## Visualizing Genre Trends

After imputing genre using Multinomial Naive Bayes, I had almost all the information I needed to visualize Pitchfork's genre trends. I love end-of-year album rankings, and my dataset didn't have any of that information. So I figured I should get that info, and it turns out it that albumoftheyear.org—an aggregator of most music publications—had everything in an easily scrapable format. 

### Step 1: Find list information from Album of the Year

The steps for scraping albumoftheyear.org for Pitchfork's lists is very similar to my initial web scrape, so I won't go into much detail here.

In [1]:
#Import necessary modules
import urllib.request as ur #Handles URLs
from bs4 import BeautifulSoup #Parses webpage content
import requests
from lxml import html
import numpy as np
import pandas as pd
import time

from IPython.core.display import display, HTML
display(HTML("<style>.container { width:100% !important; }</style>"))

In [2]:
#Get the base URL used for Pitchfork Lists
base_url = "https://www.albumoftheyear.org/publication/1-pitchfork/lists/"
hdr = {'User-Agent': 'Mozilla/5.0'}
full_url_req = ur.Request(base_url, headers=hdr)
full_url_response = ur.urlopen(full_url_req)
soup = BeautifulSoup(full_url_response)
sections = soup.find("div", class_="section")
a_tags = sections.find_all("a")
list_urls = []
for a_tag in a_tags:
    #Grab the link in the "href" of the a tag
    current_href=a_tag.get('href')
    list_urls.append('https://www.albumoftheyear.org' + current_href)
    
#Remove duplicate URLs
list_urls = list(set(list_urls))

In [3]:
#Define function to clean any html tags
import re

def cleanhtml(raw_html):
  cleanr = re.compile('<.*?>')
  cleantext = re.sub(cleanr, '', raw_html)
  return cleantext

Quick note about the following code: Album of the Year uses one, hyphen-delimited HTML tag for each Album/Artist combination. Splitting each string by the delimiter worked for most cases, but two album titles also contained hyphens.

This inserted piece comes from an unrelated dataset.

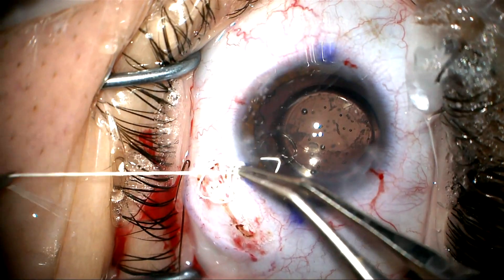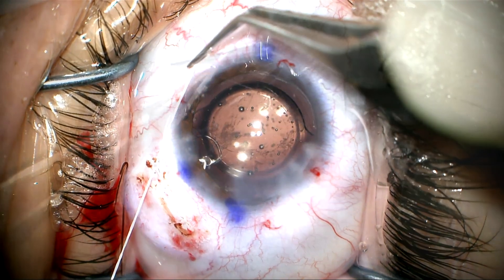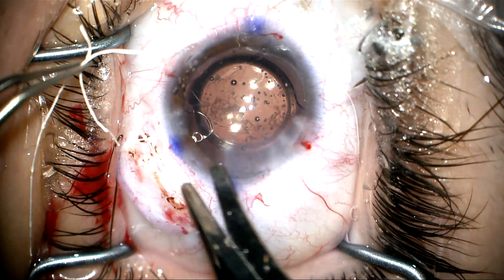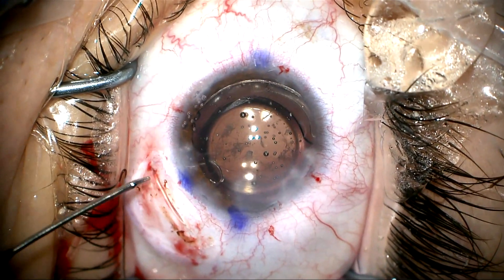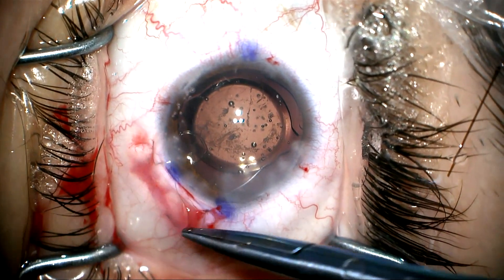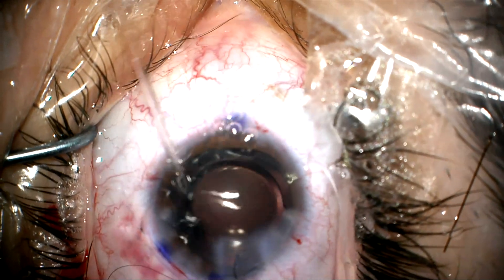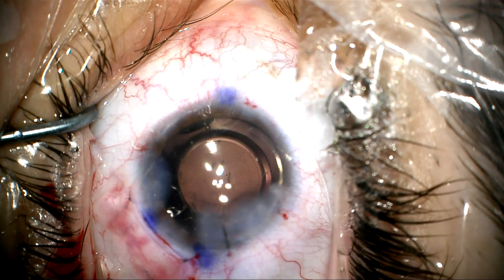Now that the lens is in place, we're going to go ahead and adjust the tension on the Gore-Tex suture, and once we've done that we're going to lock it. We don't want to make this too tight — just tighten enough to balance the zonules on the other side and stabilize and center the lens-bag complex. We'll cut this, rotate the knot into the eye so it's not going to be exposed, and pull on the capsule tension segment so the suture will be under the surface of the sclera. We close the conjunctiva and remove the viscoelastic from the anterior chamber with the irrigation-aspiration handpiece. You can see that this is very stable — the lens is very well centered and on the correct axis. We give a little nudge to make sure it's stable, and the case is completed.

I worked around this issue with some if-else logic which I then printed to double-check everything looked alright.

In [4]:
#Initiate lists for the outcome variables we want
rank = []
title = []
artist = []
list_year = []
review_url = []

#Iterate through each year-end list and append pertinent information to list variables
for current_list_url in list_urls:
    #Get year from the end of each URL
    current_list_year = current_list_url[-5:-1]
    list_url = current_list_url
    list_url_req = ur.Request(list_url, headers=hdr)
    list_url_response = ur.urlopen(list_url_req)
    soup = BeautifulSoup(list_url_response)
    row_items = soup.find_all("div", class_="albumListRow")
    list_items = soup.find_all("h2", class_="albumListTitle")
    blurbs = soup.find_all("div", class_="albumListBlurbLink")
    for item in list_items:
        rank_html = item.find("span", class_="albumListRank")
        artist_title_html = item.find("a")
        artist_title = cleanhtml(str(artist_title_html)).split(' - ')
        #Two albums have dashes in them, so can concatenate the 2nd and 3rd strings
        if len(artist_title) > 2:
            print("More dashes for %s" %artist_title)
            title.append(artist_title[1] + " - " + artist_title[2])
        else:
            title.append(artist_title[1])
        artist.append(artist_title[0])
        rank.append(re.sub('. ', '',cleanhtml(str(rank_html))))
        list_year.append(current_list_year)
    #Get the URL for matching with the review data
    for row in row_items:
        blurb = row.find("div", class_="albumListBlurbLink")
        try:
            url = blurb.find("a").get("href").replace('www.','')
        except:
            url = "None"
        review_url.append(url)



 BeautifulSoup(YOUR_MARKUP})

to this:

 BeautifulSoup(YOUR_MARKUP, "lxml")

  markup_type=markup_type))


More dashes for ['Múm', 'Yesterday Was Dramatic', 'Today Is OK']
More dashes for ['A.A.L. (Against All Logic)', '2012', '2017']


In [5]:
#Create dataframe of artist, album title, rank, and year
lists_df = pd.DataFrame({'Artist': artist,
                              'Album': title,
                              'List_Rank': list(map(int, rank)),
                              'List_Year': list_year,
                              'URL': review_url})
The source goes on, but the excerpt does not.